We started with Champagne Salon 1999 Le Mesnil, served in white wine glasses rather than flutes, serious Champagne should not be too constrained. This was showing really well if oviously very young. It is always a tight and mineral wine but especially so with the 1999. The texture was special. For the Salon devotees out there, and that tends to be most people who have discovered the house, I would say the 1995 and 1997 will offer great drinking while you way for the 1996 and 1999. Anyhow there is a full Salon post coming up soon so more detail there, this showed well. The Grand Cru chablis of Champagnes when young I often think.

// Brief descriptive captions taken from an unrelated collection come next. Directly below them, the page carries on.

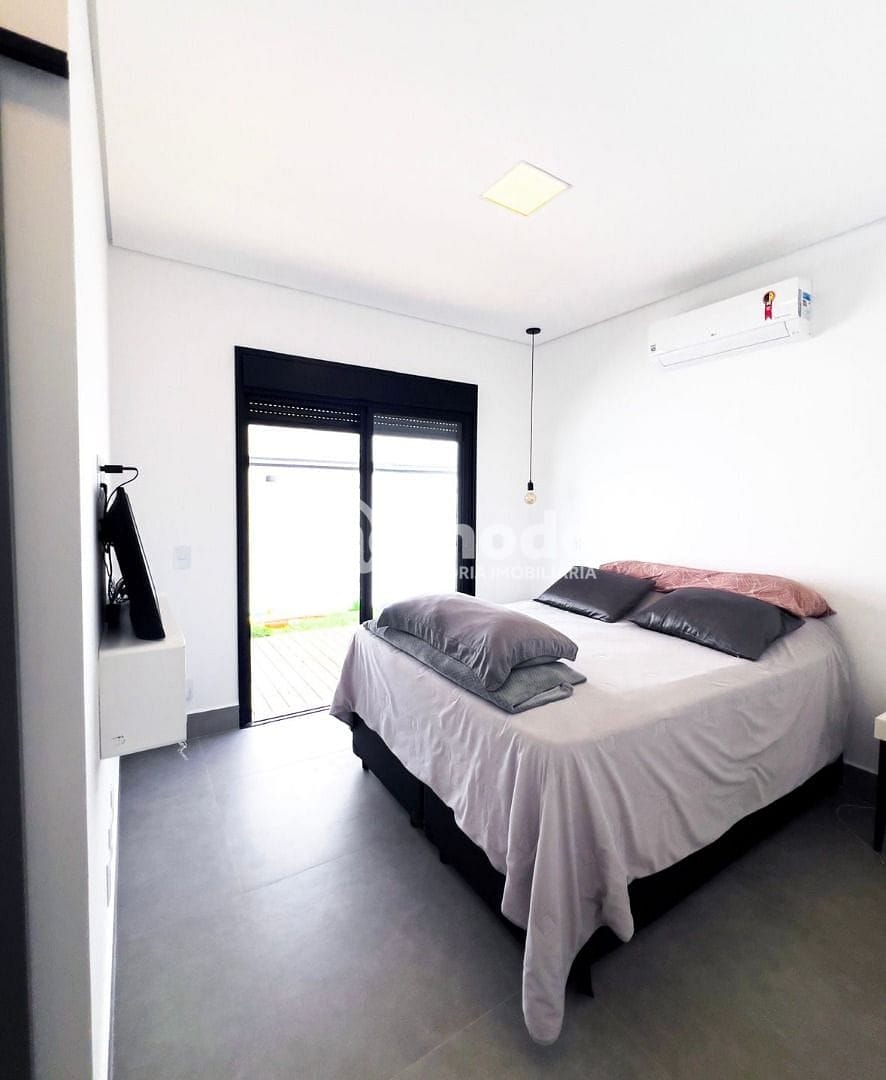 Casa, 3 quartos, 229 m² - Foto 15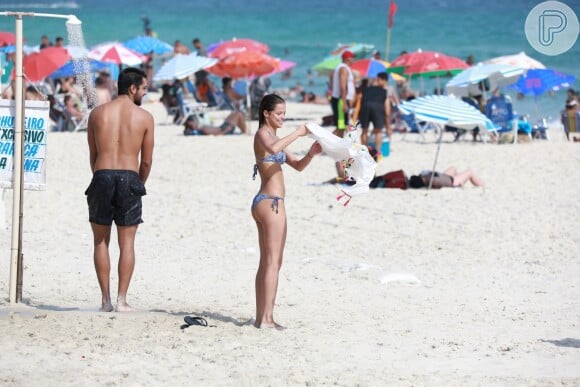 Rodrigo Simas e Agatha Moreira, depois de deixarem o mar, se molharam no chuveirinho da praia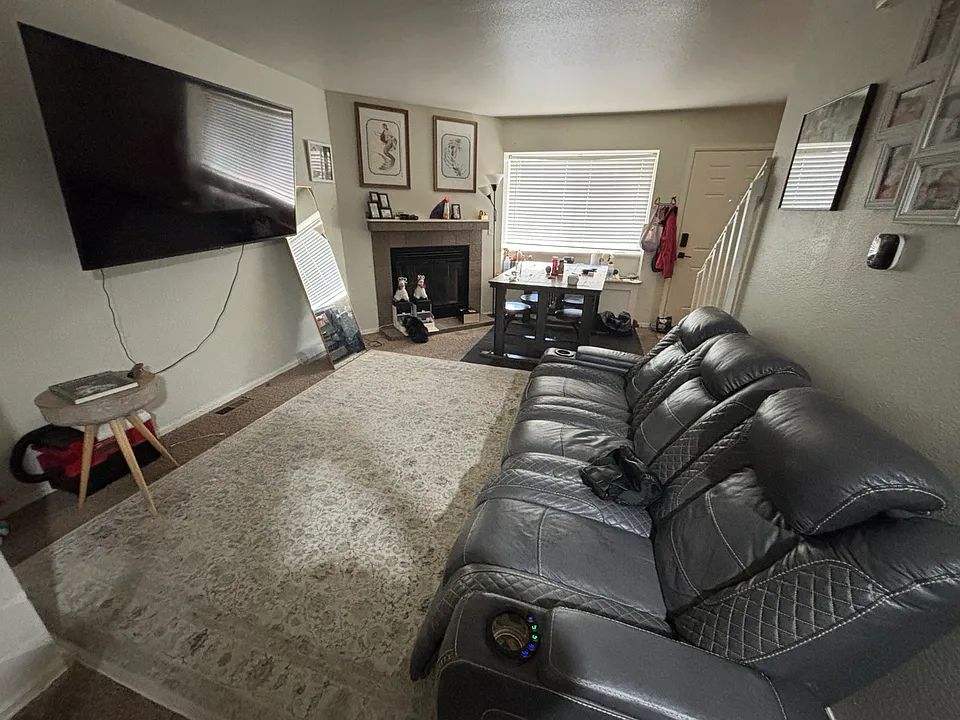 4759 Live Oak Dr
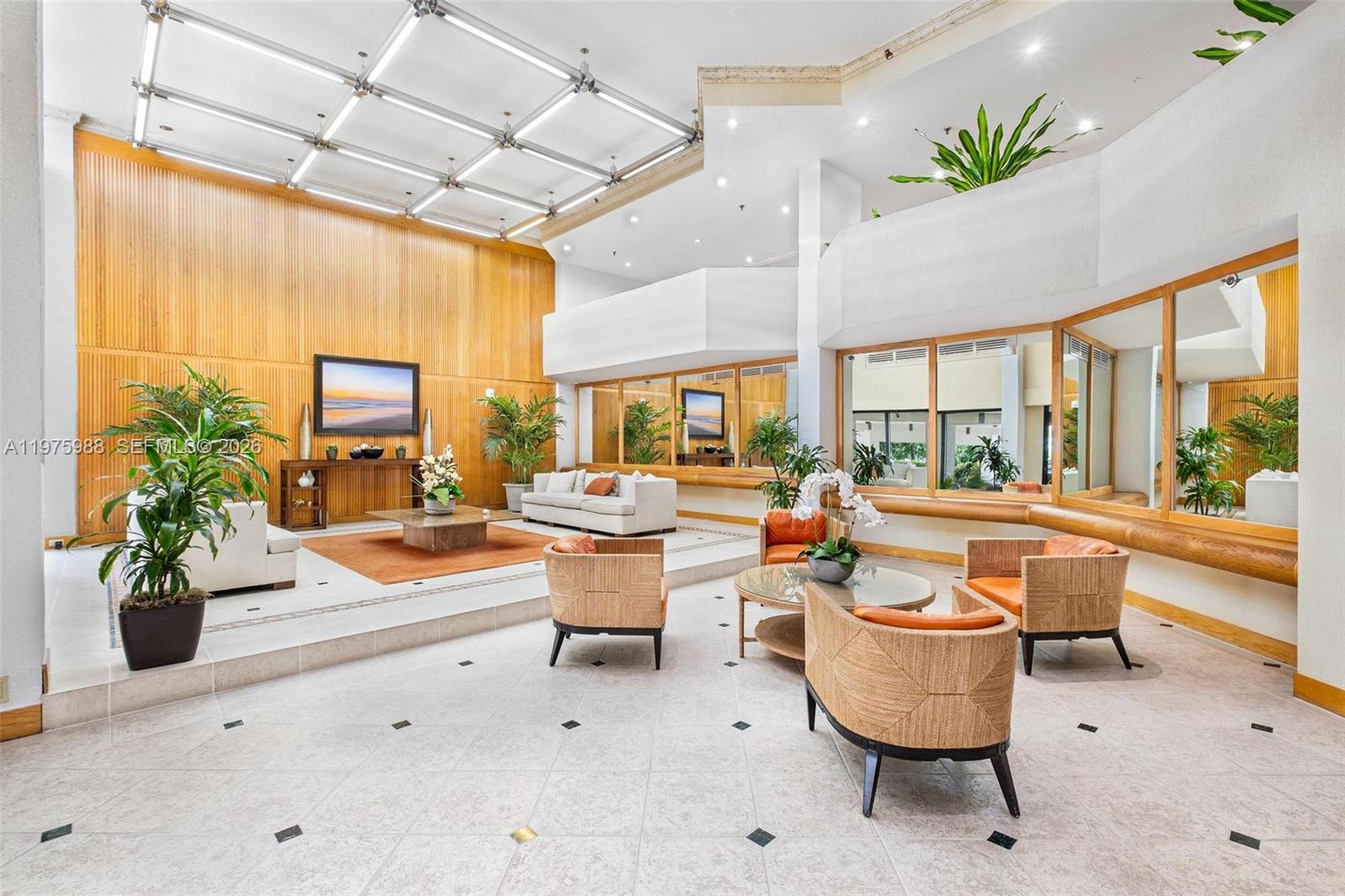 170 Ocean Ln Dr #310 Key Biscayne, FL 33149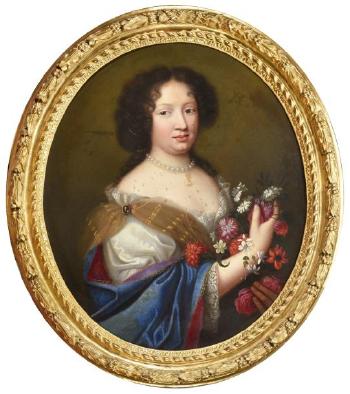 Portrait de Marie Musy en buste tenant un bouquet de fleurs by 
																	Jean Guynier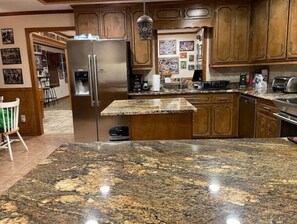 Fridge, microwave, oven, stovetop - Wacky Zackys' Lakehouse Resort
Multiple Family waterfront Home w/ boat dock

 (Milledgeville)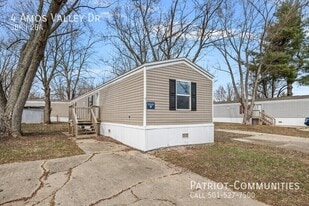 4 Amos Valley Dr in Springfield, IL - Building Photo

From here we moved to two white Bordeaux. This was fascinating, firstly because I like white Bordeaux but secondly because the age and prestige of the two wines was very different. We had the wines side by side but up first was Malartic-Lagraviere Blanc 2005 (Grand Cru Classe de Graves), which is 90% Sauvignon and 10% Semillon. It was in a lovely place, mellowed a bit but still with good acidity starting to get a little richer. Well and truly into the middle stage of development which is as it should be. It had a good long finish. Ripe but not over the top, impressive. The second of the whites was Laville Haut Brion Blanc 1990 (Pessac-Leognan), now called La Mission Haut Brion Blanc. This is the second time I have had this vintage of this wine. It was a little closed on the first pour but did nothing but open out over the next three hours. Both these whites were good with cheese later on. The Laville had the nose of exotic fruit but as with the Malartic it stopped short of being over done. You would have fun with people blind tasting this as the nose suggests sweetness and this is the core point really. I can't remember having a white wine with so much intensity on the nose and a lovely balance of fruit, lanolin and unctuous on the palate but being dry, proper stuff and whilst I wouldn't dream of defending the current release prices of the very few ultra top white Bordeaux I feel their prestigious position is justified and ignored by too many people.
With a cracking mushroom starter and a very generous pre-starter of scallops it was time to accompany my pig's trotter with some red and not just any reds...Mouton Rothschild 1989 was first. To sound completely pompous and I slightly cringe as I write this, the Mouton 1989 was a perfect lunchtime Mouton. My friends agreed and to explain what I mean; it had an exotic and typical Mouton nose, quite high toned, volume turned up, on the plate it had a good hit of initial black red fruit it was not though, profound and was a little light in the middle palate. perfect now, in fact I would say it is one to hedonistically just tuck into now and over the next 3-5 years. I can't see another level of development so drinking it while the nose it stunning and fruit is still there makes sense. The lunch had initially been planned around the next bottle Richebourg Grand Cru 1991, Domaine de la Romanee Conti. It did not disappoint. The wine worked immediately it came into the glass but it also grew in stature and expanded over the next 90 minutes. Delicious red black and slightly bruised fruit but also a savoury edge just arriving, 21 years of age in great for grand cru in my eyes and mind. A wonderfully uncompromising edge about it, "rustic" is too often a negative term but in the world of Grand Crus were a few are a little too polished this had a dash of rustic grace about it. The depth and structure were very much Richebourg. A delicious bottle of wine, still developing and still evolving but if you have more than one bottle definitely a good time to try it...it will not disappoint.
Sharing great bottles with like minded people who just want to enjoy what the best has to offer is one of, probably "the", very best part of the wine trade. This was a cracking lunch, everything worked from the food to the service and most of all the wines and the people!